Вечером, когда мы захотели спуститься с своей вышки, чтобы подышать немного перед сном чистым воздухом, мы сделали тревожное открытие, а именно: лестница оказалась осторожно отставленной. В ответ на требование подставить ее мы услышали только хохот, обличавший дьявольскую радость смеявшихся. К счастью мы открыли после некоторых стараний, что при известной ловкости с помощью бамбукового шеста можно было добраться до столбов, на которых стояла наша вышка, и спуститься по ним вниз. По соседству мы наткнулись на 4-х вооруженных ружьями батаков, очевидно, стороживших нас. В домах светились огни и слышались голоса. Вернувшись [135] назад мы стали ожидать в боязливом нетерпении возвращения Буту. Уже в нас стали шевелиться сомнения, не изменил ли он нам подобно прочим, что было бы очень плохо для нас, так как в нашем положении нам было совершенно невозможно обойтись без него: Понемногу все кругом нас затихло. Мы попытались успокоить себя чтением, но всякий шорох прерывал наше занятие, так как мы все еще не покидали уверенности, что Буту вернется. Внезапно нас охватило подозрение, что батаки подкрадываются к нашему дому. Должно быть это были стражи, которых мы встретили, когда спустились. Во всяком случае надо было удвоить осторожность. Порой мы слышали тихий шепот, к которому жадно прислушивались. Уловив обрывки чьей-то речи, мы внезапно поняли, какая опасность грозила нам.

Один голос шептал:

— Нам надо еще сегодня напасть и сожрать их.

На что второй ответил таким же шепотом:

— Еще рано, у них горит свет, подождем немного.

Так вот, значит, до чего дошло! Наша смерть была уже решена!

Мысли вихрем проносились в моем мозгу, и книга моей жизни раскрылась предо мной; она была так коротка и так прекрасна, и теперь неожиданный конец! Дорогие образы близких встали предо мною, они пришли сказать мне последнее прости. Мне казалось, что я вижу во мраке свою мать, и скорбные очи ее, с упреком устремленные на меня, доставляли мне невыразимое мучение. «Бедная мать, я приготовил тебе такое горе!» Подобно тому, как я заглянул в свое прошлое, я пытался разгадать ближайшее будущее, ожидавшее нас, и понемногу моей душой овладело [136] необходимое спокойствие, я овладел собою и мог бесстрашно смотреть в глаза неизбежному.

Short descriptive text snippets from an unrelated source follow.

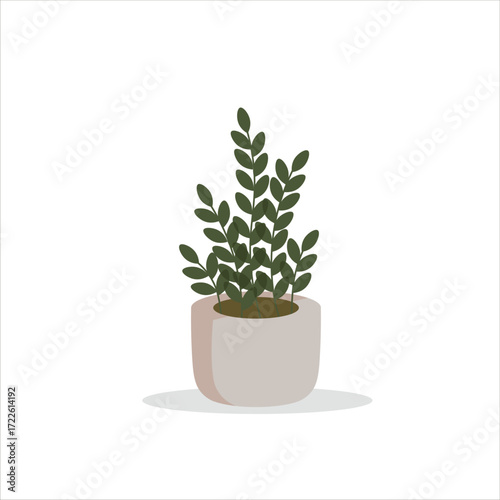 Zamioculcas Decorative Plant on a Pot Colored Flat Illustration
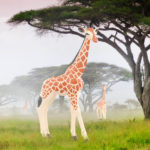 Toy giraffe figurines in savannah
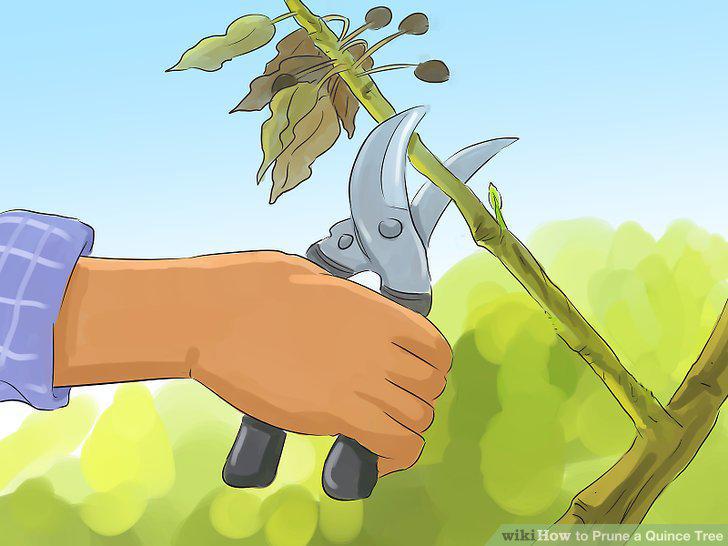 Step 5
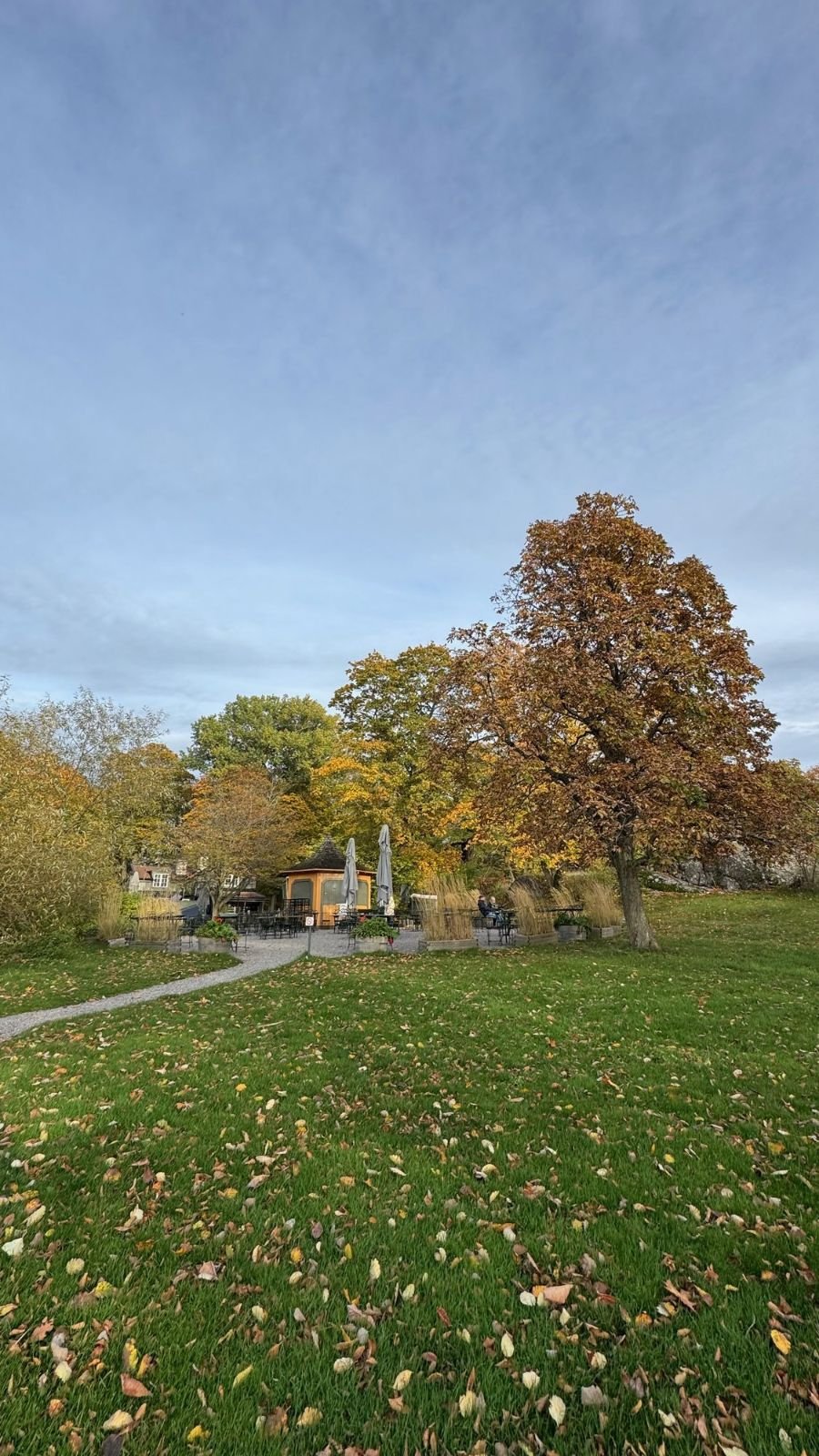 A green lawn with fallen leaves and large autumn trees in the park at Waldemarsudde.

Френсис, Асенг и Ассам спали таким мирным, беззаботным сном, словно они были у себя дома. Как счастливы они! И стоит ли их будить? К чему? Для обороны нам не оставалось ничего иного, как оставаться на страже и не гасить огня. Надо было выждать, как сложатся дальнейшие обстоятельства.

Наконец, после десятичасового отсутствия, Буту явился. Понятно, что принесенные им вести нельзя было назвать приятными: по его донесениям положение наше было не так уж безнадежно, как мы думали, так как мы заключили из его слов, что между дикарями образовались две стороны или партии; одна партия требовала нашей смерти, другая была настроена более кротко. Мы не представляли себе, что могли сделать с нами эти более умеренные и не столь жестокие люди по обычаям своей старины, но все же, словно утопающие за соломинку, цеплялись всеми своими помыслами за мнения этой партии.

Буту сообщил нам, что туземцы считают нас за голландцев.

— А что думаешь ты о нас Буту? — спросили мы его. — Думаешь ли ты также, что мы голландцы?

Он замялся, но затем ответил:

— Да, но — добавил он поспешно и дружелюбно, — но вы мне очень нравитесь, и я не покину вас.

Он действительно сдержал слово и оставался нам верен в эти тяжелые дни, когда над нашими головами висел Дамоклов меч, и ангел смерти, проходя мимо, веял своим крылом в нашем соседстве.

Мы рассказали ему, что слышали, и с [137] любопытством ждали, какое впечатление произведет на него наше сообщение. Между тем за стенами дома время от времени слышался шум; значит батаки еще не улеглись на покой. Каждое слово, крик или шаги ясно раздавались в ночной тишине, заставляя нас настораживаться и ждать чего-нибудь скверного. Наши ружья и револьверы лежали возле нас наготове, свеча тускло мерцала в этой черной дыре, в стороне в немом молчании сидел на корточках Буту, изредка нарушая молчание шепотом краткой молитвы:

— Встаньте, два могучих бога! Воззрите на мою живую душу! О дух моей бабки, помоги нам своим заступничеством! Слова мои звучат глухо, как гром, они спутаны, как молнии! Бодрствуй над моей судьбой! Защити, защити, защити!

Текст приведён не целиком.